I understand that other precincts voted on a similar resolution.
I urge all delegates to their respective county assemblies to join together to abolish this drug. One only needs to read in The Daily Sentinel about the growing problems in just our local community, much less our state.
Body farms are critical for forensic science
Hopefully, none of the people opposed to the body farm site will ever have to have a friend or loved one go through the forensics process. But if they do, they will understand how valuable, important and necessary these sites have become.
In Mike Wiggins’ article in the March 12 edition of The Daily Sentinel, property owner Lisa Binse commented that, ‘It’ll be nice not to have to worry where the flies have been when they land on my hamburgers or potato salad at a barbeque.”
Evidently, Ms. Binse has never in the past wondered where the flies have been when they landed on her hamburgers or potato salad. Maybe ignorance is bliss.
Job Corps centers are all going green
In Job Corps Civilian Conservation Centers, there is rare alignment of real-life solutions to the challenges of youth unemployment, an uncertain economy and the nation’s need for a greener, energy-efficient future. Like nothing else, Job Corps Civilian Conservation Centers work for young people and for America. The Collbran Job Corps Civilian Conservation Center serves 220 students in a residential campus.

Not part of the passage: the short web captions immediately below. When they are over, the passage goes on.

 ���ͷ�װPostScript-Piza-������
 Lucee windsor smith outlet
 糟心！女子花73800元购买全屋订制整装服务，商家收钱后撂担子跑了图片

The U.S. Department of Agriculture’s National Forest Service runs the nation’s Job Corps Civilian Conservation Centers. Like all Job Corps Centers, the Civilian Conservation Centers train economically challenged young people for meaningful careers.
Agriculture Secretary Tom Vilsack announced the Civilian Conservation Centers will place a new emphasis on green jobs, such as natural-resources work, and the greening of traditional trades, such as construction and electrical work.
Job Corps-trained young people will revitalize local economies, especially in rural communities across America. They will provide a youthful boost to the nation’s goals of energy independence and conservation.
Today’s Civilian Conservation Centers are preparing more than 6,000 young people in 28 centers around the country for their own new direction, a place in America’s growing, green-collar economy and a path out of poverty.
During my recent visit to a Civilian Conservation Center, a businessman told me Job Corps is the real deal, a solid source for skilled workers. I know what I saw recently, and I am convinced all of us will benefit from the entry of thousands of skilled young people into an economy that needs to readjust its relationship to the environment and grow in a green direction. The success of Job Corps Civilian Conservation Centers’ new direction should encourage us all.
The Forest Service operates 28 Job Corps centers in 18 states with a capacity of 6,200 students.
For more information, visit: recruiting.jobcorps.gov/en/home.aspx.
U.S. Department of Agriculture
Clifton-Fruitvale residents anything but ambivalent
County Commissioner Janet Rowland is assuredly not listening to the people.
For her to say that the people were ambivalent about the proposed annexation shows her lack of understanding.
When 82 percent of the landowners didn’t opt for the annexation and 69 percent of the eligible parcels felt likewise, that is far from being ambivalent.